/ 27 June 2014

App helps rural farmers

The GigaBite Guardian app helps improve food security.
The GigaBite Guardian app helps improve food security.

The African Conservation Trust, a 14-year-old not-for-profit organisation, developed an Android app and online database used by impoverished communities in deep rural areas to improve food security.

Called the GigaBite Guardian, it was motivated by the realisation that “fences are only as good as the quality of life of the people living alongside nature reserves”, says Francois du Toit, chief executive of the trust.

Impoverished communities living in far-flung rural areas that are often the last haven of threatened wildlife species face huge challenges. They are also extremely vulnerable to the impacts of climate change.

One way of creating resilience for the communities is to help them grow crops to feed their families, with enough surplus to sell on to other markets. The plan is not new, but many of these projects fail after the first harvest due to inadequate access to markets to sell surplus produce.

“Guardian of the soil, the seeds and the community,” explains Du Toit, enables growers to link to each other, price their goods and market them.

The African Conservation Trust provides training to community members, who go out armed with a tablet and record GPS co-ordinates for participants, take photographs of their crops and store the information on the database.

They then show them, through a link to the Johannesburg Fresh Produce Market, what the value of their growing crop is likely to be.

The tablet is also used as a learning tool, says Du Toit, with tips on how to make a compost heap, how to save seed, how to build a swale and other relevant information.

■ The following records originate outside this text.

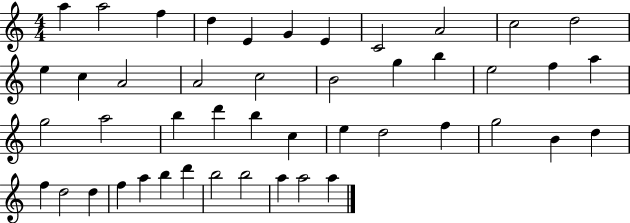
{
  \clef treble
  \numericTimeSignature
  \time 4/4
  \key c \major
  a''4 a''2 f''4 | d''4 e'4 g'4 e'4 | c'2 a'2 | c''2 d''2 | \break e''4 c''4 a'2 | a'2 c''2 | b'2 g''4 b''4 | e''2 f''4 a''4 | \break g''2 a''2 | b''4 d'''4 b''4 c''4 | e''4 d''2 f''4 | g''2 b'4 d''4 | \break f''4 d''2 d''4 | f''4 a''4 b''4 d'''4 | b''2 b''2 | a''4 a''2 a''4 | \break \bar "|."
}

The app is developing informal markets among its network of participants and selling their produce relatively close to where it is grown, which has benefits in terms of reduced transport, reduced packaging and enhanced nutrition.

As more growers participate and become organised, they will be able to ensure steady supply and negotiate terms with more formal markets.

“Our goal is to put a million people on the database,” says Du Toit. “There are endless possibilities for the app, and it is proving to be unbelievably useful.”